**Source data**

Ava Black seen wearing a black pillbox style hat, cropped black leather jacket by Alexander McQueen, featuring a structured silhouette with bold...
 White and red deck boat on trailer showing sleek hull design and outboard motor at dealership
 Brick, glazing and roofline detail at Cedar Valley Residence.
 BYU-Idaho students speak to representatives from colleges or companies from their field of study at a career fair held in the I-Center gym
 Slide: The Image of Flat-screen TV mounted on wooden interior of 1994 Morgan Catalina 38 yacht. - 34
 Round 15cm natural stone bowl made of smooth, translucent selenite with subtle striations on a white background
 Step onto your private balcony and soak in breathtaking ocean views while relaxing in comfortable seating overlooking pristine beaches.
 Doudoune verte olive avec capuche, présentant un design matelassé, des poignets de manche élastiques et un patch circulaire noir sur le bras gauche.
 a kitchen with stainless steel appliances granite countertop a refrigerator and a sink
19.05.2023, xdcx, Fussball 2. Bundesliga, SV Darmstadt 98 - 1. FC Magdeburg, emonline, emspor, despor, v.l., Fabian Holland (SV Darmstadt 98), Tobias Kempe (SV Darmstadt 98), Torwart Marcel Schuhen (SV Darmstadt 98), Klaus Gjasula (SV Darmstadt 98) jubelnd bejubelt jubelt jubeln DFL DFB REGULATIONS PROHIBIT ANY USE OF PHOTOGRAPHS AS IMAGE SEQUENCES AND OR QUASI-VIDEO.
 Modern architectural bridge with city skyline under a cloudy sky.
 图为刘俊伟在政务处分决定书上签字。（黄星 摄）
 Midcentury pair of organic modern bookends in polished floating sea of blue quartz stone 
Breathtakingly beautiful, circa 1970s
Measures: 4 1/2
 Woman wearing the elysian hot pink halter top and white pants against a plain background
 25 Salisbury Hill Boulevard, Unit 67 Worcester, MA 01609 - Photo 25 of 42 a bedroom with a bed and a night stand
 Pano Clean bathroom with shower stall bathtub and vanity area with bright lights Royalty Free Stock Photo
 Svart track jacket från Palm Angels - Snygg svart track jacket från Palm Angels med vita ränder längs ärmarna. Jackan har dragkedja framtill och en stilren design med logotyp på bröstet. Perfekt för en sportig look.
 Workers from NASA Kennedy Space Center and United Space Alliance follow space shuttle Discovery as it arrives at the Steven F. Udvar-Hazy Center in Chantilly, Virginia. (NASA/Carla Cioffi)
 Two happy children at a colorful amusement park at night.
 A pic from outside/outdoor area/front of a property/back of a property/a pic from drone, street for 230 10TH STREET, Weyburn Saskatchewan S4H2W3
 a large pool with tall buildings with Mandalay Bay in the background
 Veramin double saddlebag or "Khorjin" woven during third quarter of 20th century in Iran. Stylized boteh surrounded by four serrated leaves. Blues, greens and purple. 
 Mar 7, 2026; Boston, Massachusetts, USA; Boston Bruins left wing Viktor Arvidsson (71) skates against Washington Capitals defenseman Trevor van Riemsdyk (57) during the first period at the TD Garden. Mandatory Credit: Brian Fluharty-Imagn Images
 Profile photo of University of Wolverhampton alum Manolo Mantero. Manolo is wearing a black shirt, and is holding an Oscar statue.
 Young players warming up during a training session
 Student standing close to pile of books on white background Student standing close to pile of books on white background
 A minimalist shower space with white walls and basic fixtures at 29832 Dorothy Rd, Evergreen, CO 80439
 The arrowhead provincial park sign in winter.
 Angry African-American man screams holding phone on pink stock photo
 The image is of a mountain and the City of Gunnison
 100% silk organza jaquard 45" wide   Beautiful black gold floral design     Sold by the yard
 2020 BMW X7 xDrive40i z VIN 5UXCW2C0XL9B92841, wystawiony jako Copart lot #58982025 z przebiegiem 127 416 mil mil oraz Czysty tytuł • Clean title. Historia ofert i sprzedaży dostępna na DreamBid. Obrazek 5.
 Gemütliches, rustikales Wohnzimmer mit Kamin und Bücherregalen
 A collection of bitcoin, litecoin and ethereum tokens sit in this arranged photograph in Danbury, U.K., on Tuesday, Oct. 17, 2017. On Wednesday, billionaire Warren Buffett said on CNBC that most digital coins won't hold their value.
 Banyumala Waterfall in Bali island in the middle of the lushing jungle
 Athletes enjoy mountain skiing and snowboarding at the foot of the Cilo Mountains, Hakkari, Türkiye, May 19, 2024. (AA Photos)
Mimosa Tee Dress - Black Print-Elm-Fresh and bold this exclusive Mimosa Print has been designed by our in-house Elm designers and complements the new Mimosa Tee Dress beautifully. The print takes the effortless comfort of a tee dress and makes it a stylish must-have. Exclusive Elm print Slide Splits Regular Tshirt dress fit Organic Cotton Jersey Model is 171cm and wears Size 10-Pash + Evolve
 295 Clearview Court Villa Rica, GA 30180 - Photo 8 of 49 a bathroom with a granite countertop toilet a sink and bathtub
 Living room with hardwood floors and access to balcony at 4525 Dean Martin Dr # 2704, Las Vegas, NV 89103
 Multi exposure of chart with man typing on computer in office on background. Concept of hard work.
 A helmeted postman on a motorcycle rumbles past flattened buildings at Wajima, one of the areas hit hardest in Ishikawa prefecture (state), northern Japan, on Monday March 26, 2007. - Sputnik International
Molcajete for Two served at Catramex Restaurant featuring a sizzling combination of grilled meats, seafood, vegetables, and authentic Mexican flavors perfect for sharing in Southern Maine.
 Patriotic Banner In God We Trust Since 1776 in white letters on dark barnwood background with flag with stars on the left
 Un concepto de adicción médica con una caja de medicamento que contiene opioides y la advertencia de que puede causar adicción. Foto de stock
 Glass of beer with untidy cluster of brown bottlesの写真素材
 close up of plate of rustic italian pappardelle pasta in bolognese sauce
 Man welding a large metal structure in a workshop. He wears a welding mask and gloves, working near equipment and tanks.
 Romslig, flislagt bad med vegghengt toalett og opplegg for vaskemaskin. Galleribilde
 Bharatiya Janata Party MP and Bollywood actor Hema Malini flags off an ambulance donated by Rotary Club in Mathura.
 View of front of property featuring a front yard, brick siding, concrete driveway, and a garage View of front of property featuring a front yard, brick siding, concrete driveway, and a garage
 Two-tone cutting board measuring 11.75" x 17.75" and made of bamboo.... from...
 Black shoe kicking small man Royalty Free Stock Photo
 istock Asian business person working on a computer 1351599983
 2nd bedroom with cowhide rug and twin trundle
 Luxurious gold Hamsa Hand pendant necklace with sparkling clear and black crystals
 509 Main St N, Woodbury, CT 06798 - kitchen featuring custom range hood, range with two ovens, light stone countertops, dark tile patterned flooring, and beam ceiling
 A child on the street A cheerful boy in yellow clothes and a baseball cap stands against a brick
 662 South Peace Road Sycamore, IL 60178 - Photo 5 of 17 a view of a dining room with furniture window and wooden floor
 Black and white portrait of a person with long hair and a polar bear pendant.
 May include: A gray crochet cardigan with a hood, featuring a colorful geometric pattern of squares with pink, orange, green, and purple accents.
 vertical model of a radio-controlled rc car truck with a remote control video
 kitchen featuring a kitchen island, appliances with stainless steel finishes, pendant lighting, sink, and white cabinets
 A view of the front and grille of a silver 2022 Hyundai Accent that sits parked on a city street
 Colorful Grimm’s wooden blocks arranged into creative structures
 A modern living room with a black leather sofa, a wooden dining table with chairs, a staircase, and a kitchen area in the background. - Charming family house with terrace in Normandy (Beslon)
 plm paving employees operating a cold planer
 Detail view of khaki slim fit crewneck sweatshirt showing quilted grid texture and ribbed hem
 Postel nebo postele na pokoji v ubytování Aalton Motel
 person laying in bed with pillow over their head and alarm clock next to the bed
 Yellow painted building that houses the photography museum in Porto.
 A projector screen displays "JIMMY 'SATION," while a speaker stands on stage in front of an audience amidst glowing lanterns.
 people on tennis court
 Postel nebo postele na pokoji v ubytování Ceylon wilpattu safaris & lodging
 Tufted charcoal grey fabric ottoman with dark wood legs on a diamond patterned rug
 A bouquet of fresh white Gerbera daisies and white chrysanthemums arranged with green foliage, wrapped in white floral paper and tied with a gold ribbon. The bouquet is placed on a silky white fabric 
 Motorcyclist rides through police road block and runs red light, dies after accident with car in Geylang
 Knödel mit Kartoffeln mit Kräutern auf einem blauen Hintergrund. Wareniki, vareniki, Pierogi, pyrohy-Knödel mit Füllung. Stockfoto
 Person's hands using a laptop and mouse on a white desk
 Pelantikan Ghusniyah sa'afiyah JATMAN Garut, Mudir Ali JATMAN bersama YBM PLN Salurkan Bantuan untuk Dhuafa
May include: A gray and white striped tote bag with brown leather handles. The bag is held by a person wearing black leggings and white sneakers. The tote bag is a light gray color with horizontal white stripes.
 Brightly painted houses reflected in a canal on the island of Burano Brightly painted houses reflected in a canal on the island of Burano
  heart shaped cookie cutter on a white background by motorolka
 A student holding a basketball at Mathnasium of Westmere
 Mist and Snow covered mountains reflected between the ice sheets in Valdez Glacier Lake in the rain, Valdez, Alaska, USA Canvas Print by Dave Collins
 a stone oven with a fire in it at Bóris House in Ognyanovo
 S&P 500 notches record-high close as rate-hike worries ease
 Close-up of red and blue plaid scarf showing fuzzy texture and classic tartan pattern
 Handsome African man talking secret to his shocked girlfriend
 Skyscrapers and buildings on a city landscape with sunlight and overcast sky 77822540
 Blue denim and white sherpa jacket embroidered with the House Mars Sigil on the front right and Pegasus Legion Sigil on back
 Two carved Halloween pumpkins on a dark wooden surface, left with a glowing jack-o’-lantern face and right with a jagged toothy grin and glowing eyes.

**What needs to be done**
Please repeat word for word the lines above that run from the beginning through the line containing "Brick, glazing and", keeping both the first and that last line.

**Output for this exercise**
Ava Black seen wearing a black pillbox style hat, cropped black leather jacket by Alexander McQueen, featuring a structured silhouette with bold...
 White and red deck boat on trailer showing sleek hull design and outboard motor at dealership
 Brick, glazing and roofline detail at Cedar Valley Residence.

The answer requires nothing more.